The bottom line is that being openly vulnerable is absolutely necessary for meaningful connections to self and others. It is easily observed that the majority of Americans are very afraid of showing any vulnerability: in relationships, in the workplace, in public. Rightfully so, as we know we will be punished if we express our true feelings and thoughts most of the time. We engage in long-distance relationships or on-line relationships to avoid truly sincere exchanges of feeling. We live in constant fear of our inner selves and of one another. We are constantly judging and being judged and shamed. Does it have to be this way?
I can tell you that it does feel very lonely when one does have the courage to open up. I have personally experienced bullying in the workplace, shaming which has prevented me from being promoted or appreciated for the work I do. Putting my trust into others has caused many people to try and take advantage of me as a homeowner. It is easy to shut down and avoid others or to become paranoid.
Yet despite the suffering caused by a lifetime of self-protection and fear of others, the investment in the shell and in the collective projection of fear creates a reaction. People want to protect what they have been conditioned to believe. We don’t want to feel that we have wasted our lives on fear when we know we have only a short span on this earth. Only a few seem to know to live from the heart, not without fear, but stepping up and being brave in spite of hesitations, obstacles, and previous experience.
Although I am not a Christian, and I am living in a country where the majority of people ostensibly follow the Christian religion, it seems to me that few espouse the values that Jesus demonstrated in the short life he lived on this earth. I feel that Jesus was a man who had definitely developed his feminine side, and he knew how to value vulnerability in others.

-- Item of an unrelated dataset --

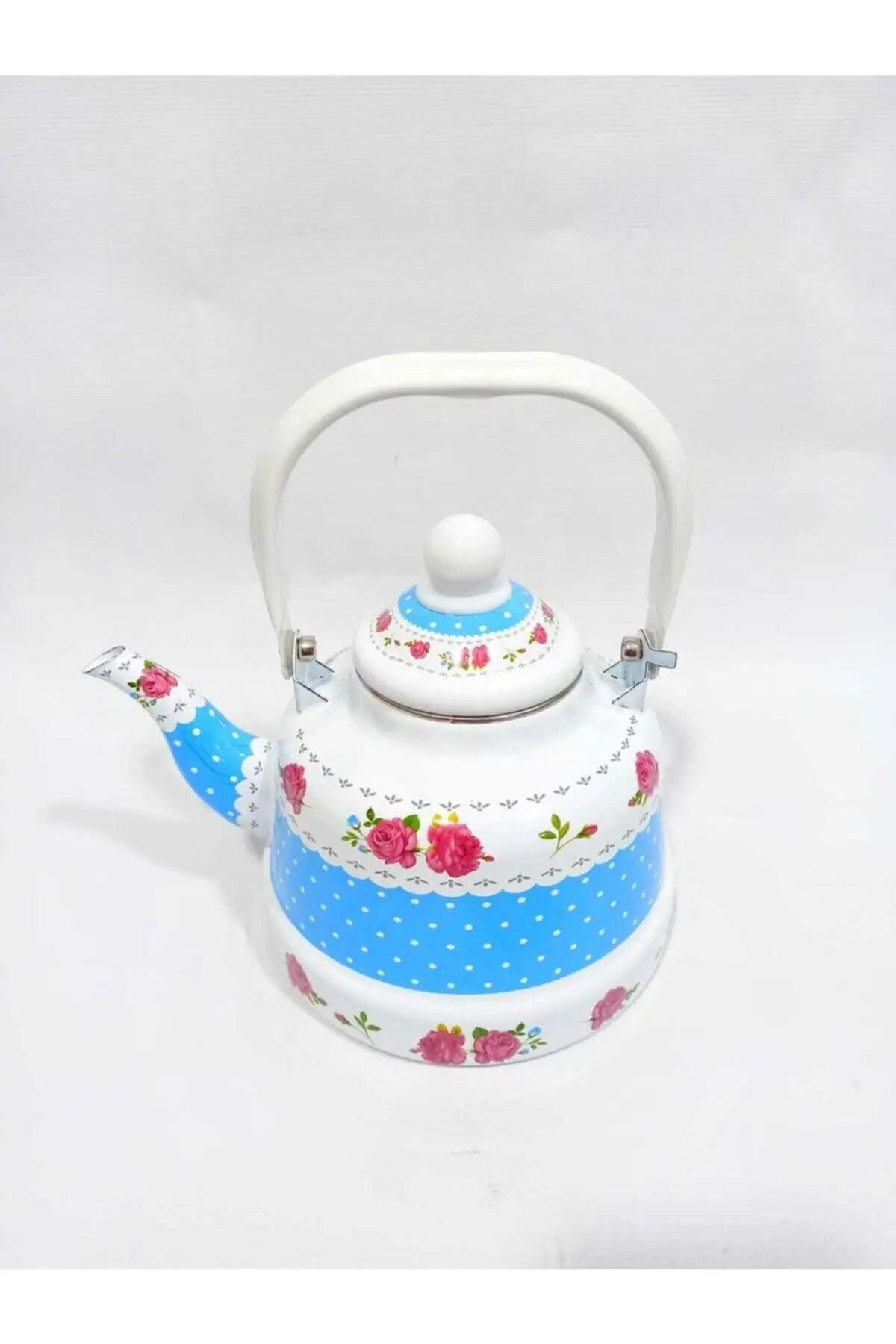 Single Top Should Keep Flower Patterned 1,5 l Enamel Teapot Teapot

He was a strong man, yet he was not one to dominate or shame others. It is funny to me that the majority of western countries worship a man who is represented by a church which historically has despised the feminine and vulnerability…yet this man, Jesus, is a prime example of living whole-heartedly, became the core symbol of a paternalistic way of life. His life, simply as a man and not as a god, was a true example of balance of masculine and feminine energies. He sought to be compassionate, open, powerful through vulnerability. It is not by chance that he chose for his followers the downtrodden and those rejected by society.
People with low self-esteem may not necessarily be more open to love or change, but perhaps they have just a little bit less to protect than the wealthy and the powerful. Jesus was crucified by those who were fearful of his openness. Has anything really changed in our cultural values over the last two thousand years?
I believe it takes courage to live an authentic life. To pursue being and truth of self and heart rather than power and possessions. It takes courage to be vulnerable, and no matter what people constantly tell us – that vulnerability is a weakness – this is a lie. Vulnerability is at the heart of all life and being. Without it, we are mere shadows. Without it, there is no true empathy, community, love, or creativity.